### Work to complete
Keep to one stretch of the data below, the lines from the one with "高級感たっぷり！！【50代・" up to and including the one with "صور: فرق الصحة", and return that stretch exactly.

═════ Data ═════

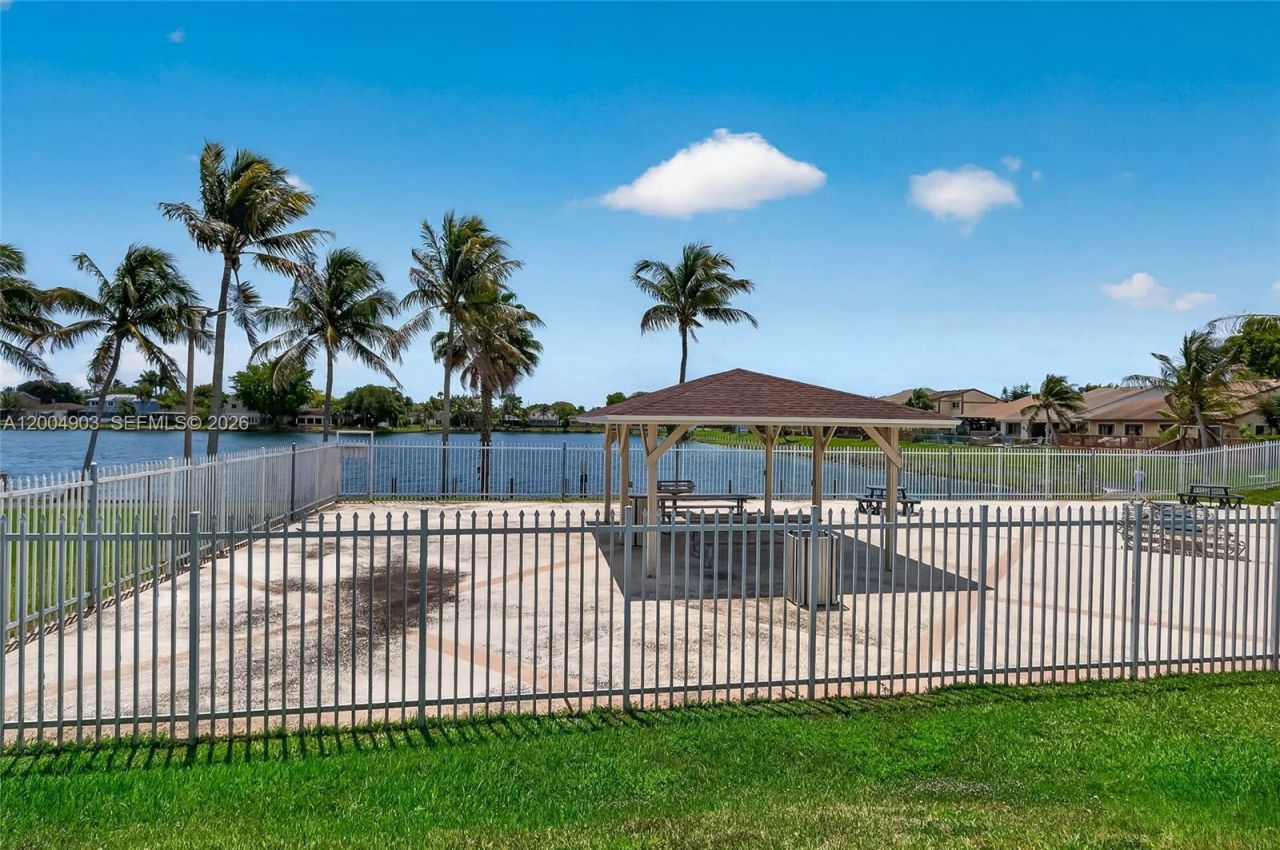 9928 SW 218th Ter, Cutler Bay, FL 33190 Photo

═════
═════ Data ═════

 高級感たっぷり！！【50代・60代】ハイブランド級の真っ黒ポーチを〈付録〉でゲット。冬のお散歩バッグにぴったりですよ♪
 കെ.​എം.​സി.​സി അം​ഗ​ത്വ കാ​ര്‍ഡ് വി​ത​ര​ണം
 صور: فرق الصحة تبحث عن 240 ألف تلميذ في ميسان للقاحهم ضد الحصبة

═════
═════ Data ═════

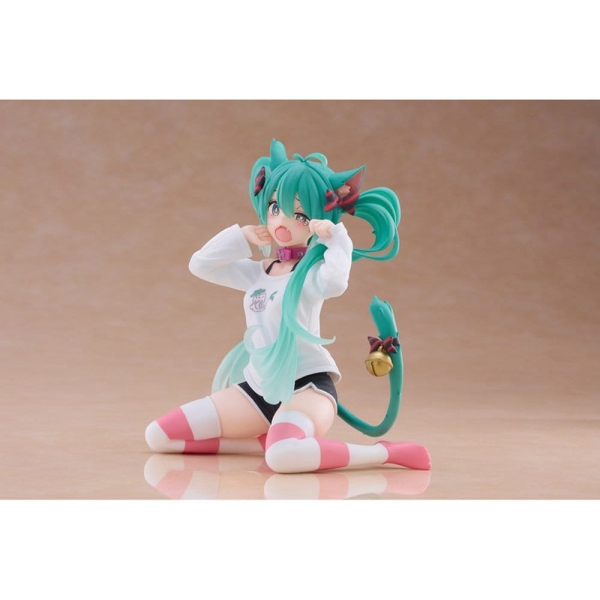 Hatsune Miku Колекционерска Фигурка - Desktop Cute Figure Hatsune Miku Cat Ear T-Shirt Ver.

═════

### Output of the task
 高級感たっぷり！！【50代・60代】ハイブランド級の真っ黒ポーチを〈付録〉でゲット。冬のお散歩バッグにぴったりですよ♪
 കെ.​എം.​സി.​സി അം​ഗ​ത്വ കാ​ര്‍ഡ് വി​ത​ര​ണം
 صور: فرق الصحة تبحث عن 240 ألف تلميذ في ميسان للقاحهم ضد الحصبة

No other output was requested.